Frog1(Ulrich Greiner, Das war kein gutes Jahr, ZEIT, 1.9.2016, 2)

(Bernd Ulrich, Ein Jahr wie keines, ZEIT, 25.8.2016, 3)

Ja, was ist denn da passiert?? Kaum zu glauben, aber ZEIT-Journalist Ulrich Greiner geht auf Distanz zum Gutmenschsprech der etablierten Parteien und widerspricht seinem Kollegen Bernd Ulrich. Man/frau könnte meinen, er habe u.a. Salazar (Die Sprache des Terrors) gelesen…

Umbau Deutschlands zum Weltflüchtlingshotel     

    „Und dann ging ein Foto von ihr [Merkel] um die Welt. Das Selfie, aufgenommen im September 2015 in einer Berliner Unterkunft, zeigt sie lächelnd und Wange an Wange mit einem Flüchtling. Wer jetzt noch daran zweifelte, dass hierzulande die Verfolgten und Entrechteten allesamt willkommen seien, dem war nicht zu helfen.“ [… Folglich:]

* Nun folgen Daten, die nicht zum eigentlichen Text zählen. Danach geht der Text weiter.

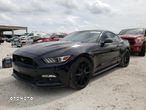 Ford Mustang 5.0 V8 GT - 2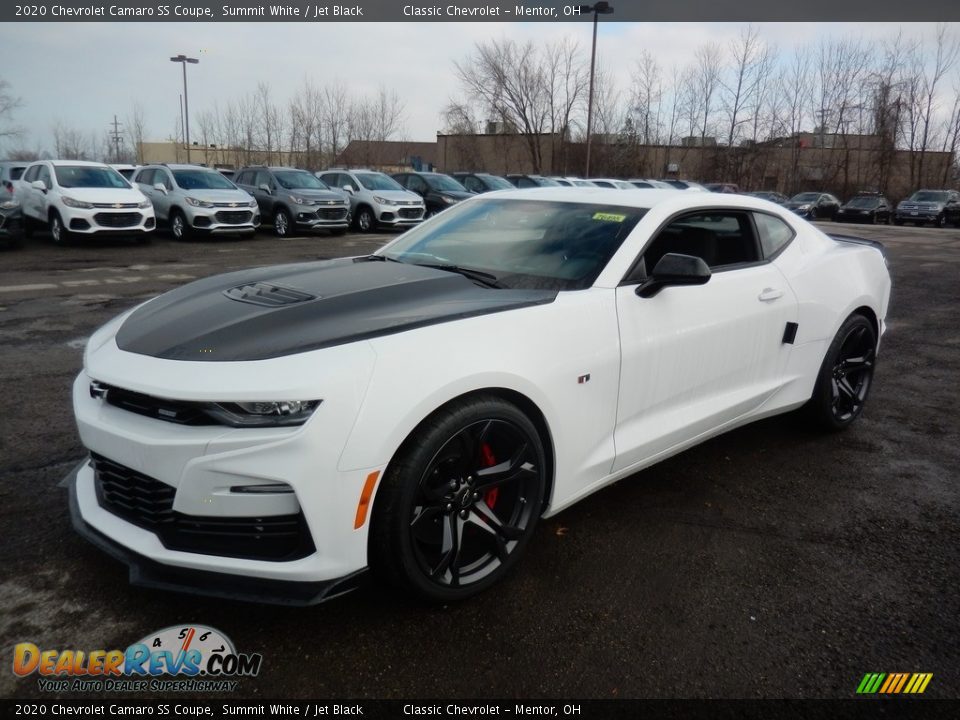 Front 3/4 View of 2020 Chevrolet Camaro SS Coupe Photo #1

    Es kam die Willkommenskultur. […] Der Hinweis, die Mehrzahl der Zuwanderer entstamme einer vormodernen, einer antisäkularen Kultur, die mit der unsrigen nur schwer vereinbar sei [s. Abbas Khider, Ohrfeige], erschien vielen allein schon deshalb als abwegig, weil es die Pegida-Demonstranten gewesen waren, die der Furcht vor einer Islamisierung ebenso aggressiv wie unbeholfen Ausdruck gegeben hatten. […]

    Sogar die zur Kontrolle berufenen Medien, einschließlich der Bild-Zeitung und der öffentlich-rechtlichen Sender, haben sich den von Angela Merkel ausgerufenen Humanitarismus, jedenfalls zu Beginn, weitgehend zu eigen gemacht sich beeilt, die moralisch unangreifbare Seite zu besetzen. […

Doch in einer der Tradition der (insbes. radikalen) Aufklärung verpflichteten Politik geht es nicht um Moral, sondern um Vernunft!! –: Das sollte man/frau meinen und erwarten dürfen… Greiner zumindest sieht das so:]

Es geht in der Flüchtlingsfrage nicht in erster Linie um Moral, sondern darum, eine Politik zu betreiben, die es erlaubt, das Richtige zu tun.“ (im Original kein Fettdruck)

Doch solange das Gutmenschsprech den Diskursrahmen setzt und uns die Emotions-Funktionäre von Pro Asyl, Amadeu Antonio Stiftung & Co manichäisch diktieren, was gut vs. falsch zu sein hat — übrigens: ähnlich der (fast) ausschließlich moralisch argumentierenden IS-Propaganda —, kann sich eine rational bestimmte Auseinandersetzung gar nicht (erst) entfalten.

Das ohnehin von links gesetzte Ideal des herrschaftsfreien Diskurses wurde schon immer von den pseudolinken Moralaposteln selbst, a priori und damit am nachhaltigsten desavouiert.